Simply put, linguistics is the study of language, how it works, how it is acquired, and how people use it to communicate. Although linguists are often interested in and can speak a variety of languages, linguists know more about how language works, rather than having the ability to speak and understand multiple languages. A polyglot is a person who speaks a multitude of languages. So, if linguistics doesn’t teach you particular languages, why study it?
Linguistics helps us understand our world
Every language is like a one-of-a-kind species. It captures unique conceptualizations of the world and has its own ways of constructing words, phrases and sentences for communicating ideas. As we compare the words and structures of various languages, we come to a greater understanding of the world we live in. Apart from simply understanding the intricacies of world languages, this knowledge can be applied to improving communication between people, contributing to translation activities, assisting in literacy efforts, and treating speech disorders. And, of course, linguistics training is also valuable for studying and learning languages.
Linguistics helps us empower people
Because language captures how we perceive the world around us and how we relate to one another, it defines who we are. Our first language, or the “mother tongue” we grow up with, is the one we use to express what is in our hearts; it is our heart language. Many minority-language communities are marginalized because of their cultural background, or because their heart language is not the language of power. As a result, thousands of minority-language communities do not have access to education in a language they can understand. They become trapped in a cycle of poverty and discrimination simply because they are not part of the majority language and culture.

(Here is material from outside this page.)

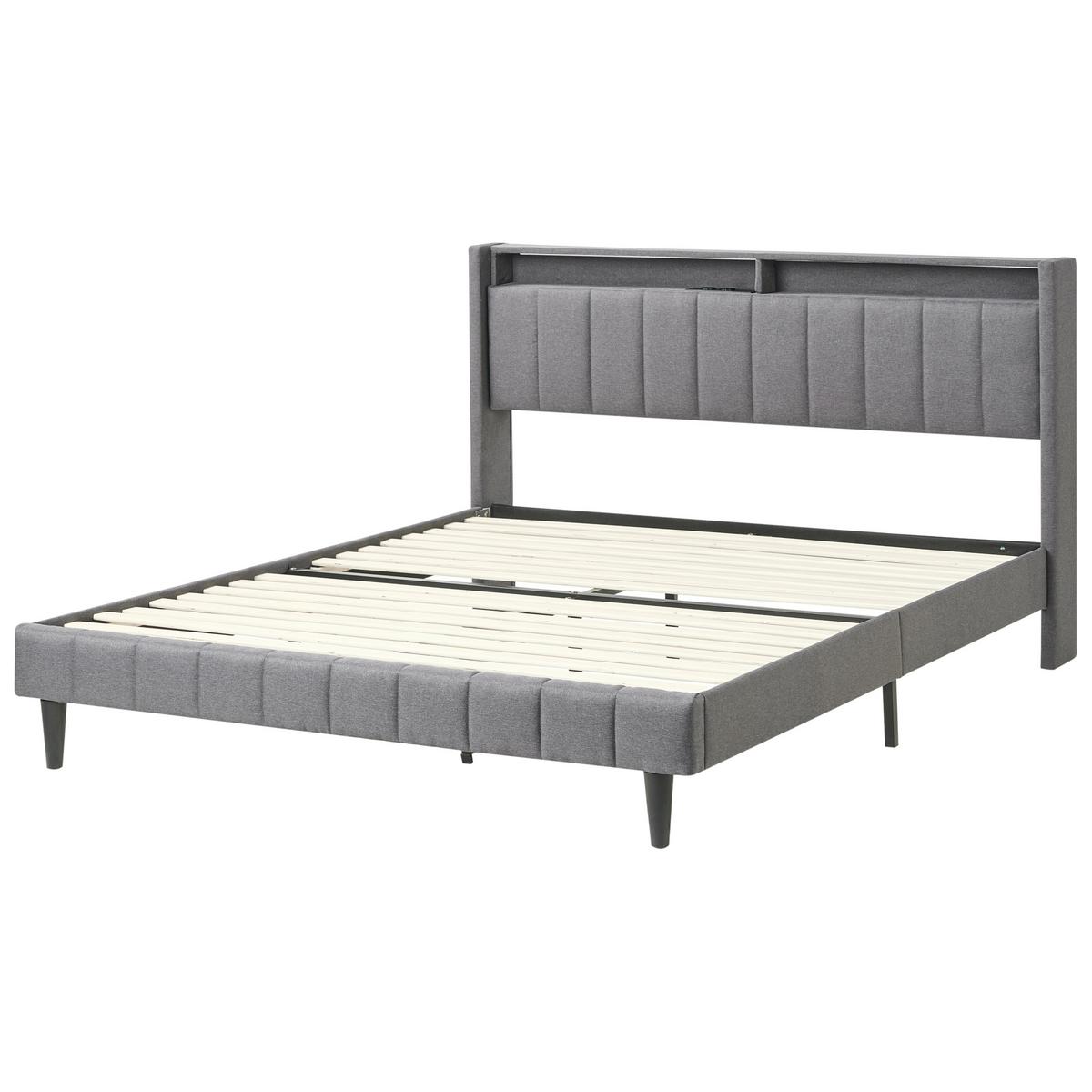 BETT mit LED 160/200 cm Stoff Dunkelgrau Beaulieu - Dunkelgrau, Textil (160/200cm) - Beliani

The plight of minority-language communities is changing as a growing number of organizations are coming alongside such people groups. Language development is the series of ongoing planned actions that a language community takes to ensure its language continues to serve its changing social, cultural, political, economic and spiritual needs and goals. CanIL staff and faculty members have been involved in, and continue to be involved in, a wide range of cross-cultural language development work:
- Linguistic analysis
- Orthography and writing systems development
- Literature development
- Multilingual education and literacy
- Partnership with governments, churches and non-government organizations (NGOs)
- Health initiatives
Our graduates are currently working in over 40 countries around the world, serving alongside teachers, health providers, aid organizations, church leaders and local leaders. Our alumni are helping to empower communities by giving them access to more services offered in their heart language. Linguistics helps fight poverty.